Why the prototypical quarterback has evolved 

The NFL has clearly started noticing an upward trend of African-American quarterbacks coming through the NCAA pipeline, which means we live in a different world today. Twenty years ago, coaches would tell Black quarterback hopefuls to switch positions; that they weren’t the “prototypical” quarterback. 

Today, that has changed immensely with the two highest quarterback salaries going to Patrick Mahomes and Russell Wilson at $45 million and $35 million respectively, and three quarterbacks primed to cash in and reset the market (L. Jackson, D. Prescott and D. Watson).

What does this mean?
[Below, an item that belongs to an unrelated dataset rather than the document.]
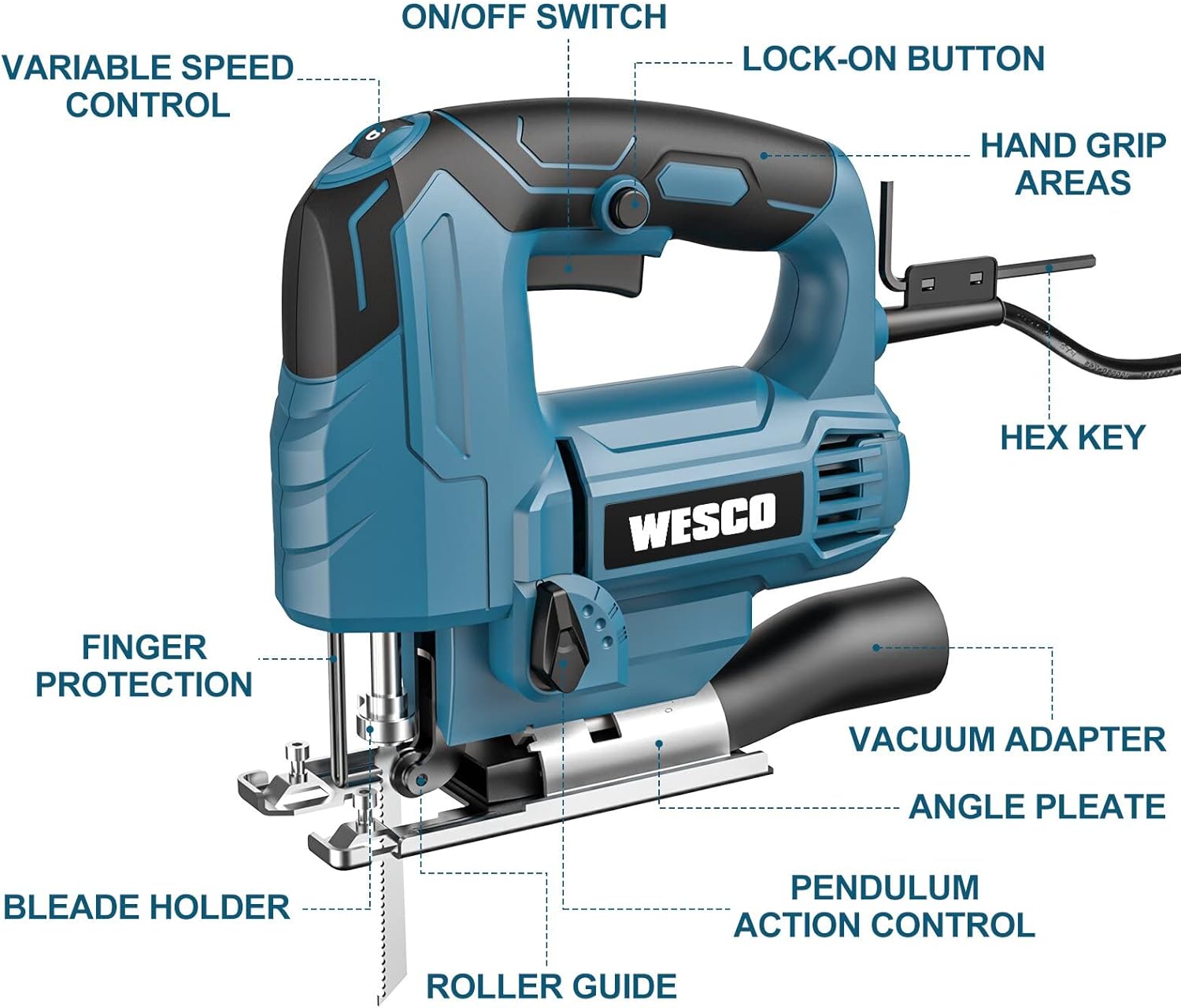WESCO 4.5Amp Electric Jig Saw Tool with 6 Variable Speeds, 4 Orbital Sets, 45 Bevel Cutting, Max Cutting Depth 2-1/2inch, 0-3000SPM, with 10PCS Blades for Metal PVC Ceramic Wood Cutting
It means that coaches and scouts have quickly started to realize that the game has gone in a different direction – the ‘Hybrid’ quarterback. Run N Gun. We’re seeing a lot more African-American quarterbacks in high school and college programs and that wouldn’t have been true just a few decades ago, and it’s thanks to guys like Mahomes, Wilson, Prescott, Jackson and Watson that those possibilities have come to fruition. They are champions, masters of their craft and truly polarizing figures. We can’t forget guys like Warren Moon, Randall Cunningham and Michael Vick, who played pivotal roles in the evolution of the quarterback position.  

Getting to know the NFL’s future at the position

Whether you’re a hardcore fan or maybe just a casual viewer, you know these names. With 14 Pro-Bowls and 2 Super Bowls between them, there’s just no argument here, boasting impressive career quarterback ratings (Prescott-97.0, Watson-101.0, Wilson-101.2, Jackson-104.7, Mahomes-108.9).

This is only the icing on the cake. They’re dominating the league and it doesn’t look like the train is slowing down. Russell Wilson has been one of the top quarterbacks in the league since being drafted 75th overall by the Seattle Seahawks in the 2012 NFL Draft, making it to two Super Bowls and eventually coming out on top with a Super Bowl ring.

Dak Prescott has taken over America’s team while earning AP Offensive Player of the Year, AP Rookie of the Year, 2x Pro-Bowls and two division titles. Deshaun Watson is arguably one of the best deep ball throwers in the league and is as clutch as a Ray Allen buzzer beater. Let’s not forget Lamar Jackson, who is the most electrifying player at the position since Michael Vick. And last but not least Patrick Mahomes, the world’s richest athlete and defending Super Bowl champ. 

The NFL has made a shift in the biggest way imaginable, giving hope for African-American children with quarterback aspirations all over the world.

Still, as of 2019, 70% of the players in the NFL are Black yet only 25% of quarterbacks in the league are of African-American descent. Those numbers just don’t add up for me. We still have a long way to go, but there is surely a silver lining to all of this. It’s having the quarterback of the most storied and polarizing franchise in the world (D. Prescott) be of African-American descent. It’s seeing Cam Newton walk in the endzone like a superhero and put a smile on a child’s face. It’s witnessing Patrick Mahomes lift that Lombardi trophy. Maybe it’s having Kyler Murray go first overall in last year’s NFL Draft, but regardless, all of these things prove that clearly the quarterback position has evolved, and for the better.